The exception is 'System.AccessViolationException' which I am aware falls under the category of corrupted state exceptions, as I have read here.
I am aware of the [HandleProcessCorruptedStateExceptions] attribute, and all of the warnings against using it to handle code that is not also maintained by the catcher of the exception.
The top of the call stack delves into the native windows libraries that WCF wraps:
System.AccessViolationException Stack:
at System.Net.UnsafeNclNativeMethods+OSSOCK.recv(IntPtr, Byte*, Int32, System.Net.Sockets.SocketFlags)

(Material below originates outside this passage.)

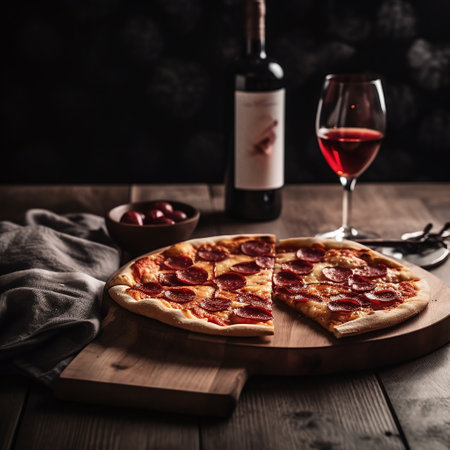 Pepperoni pizza on a wooden board with a glass of red wine and wine bottleの素材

at System.Net.Sockets.Socket.Receive(Byte[], Int32, Int32, System.Net.Sockets.SocketFlags, System.Net.Sockets.SocketError ByRef)
at System.Net.Sockets.Socket.Receive(Byte[], Int32, Int32, System.Net.Sockets.SocketFlags)
at System.Net.Sockets.NetworkStream.Read(Byte[], Int32, Int32)
at System.Net.PooledStream.Read(Byte[], Int32, Int32)
at System.Net.Connection.SyncRead(System.Net.HttpWebRequest, Boolean, Boolean)
at System.Net.Connection.PollAndRead(System.Net.HttpWebRequest, Boolean)
at System.Net.ConnectStream.WriteHeaders(Boolean)
at System.Net.HttpWebRequest.EndSubmitRequest()
at System.Net.HttpWebRequest.SetRequestSubmitDone(System.Net.ConnectStream)
at System.Net.Connection.CompleteStartRequest(Boolean, System.Net.HttpWebRequest, System.Net.TriState)
at System.Net.Connection.SubmitRequest(System.Net.HttpWebRequest, Boolean)
at System.Net.ServicePoint.SubmitRequest(System.Net.HttpWebRequest, System.String)
at System.Net.HttpWebRequest.SubmitRequest(System.Net.ServicePoint)
at System.Net.HttpWebRequest.GetRequestStream(System.Net.TransportContext ByRef)
at System.Net.HttpWebRequest.GetRequestStream()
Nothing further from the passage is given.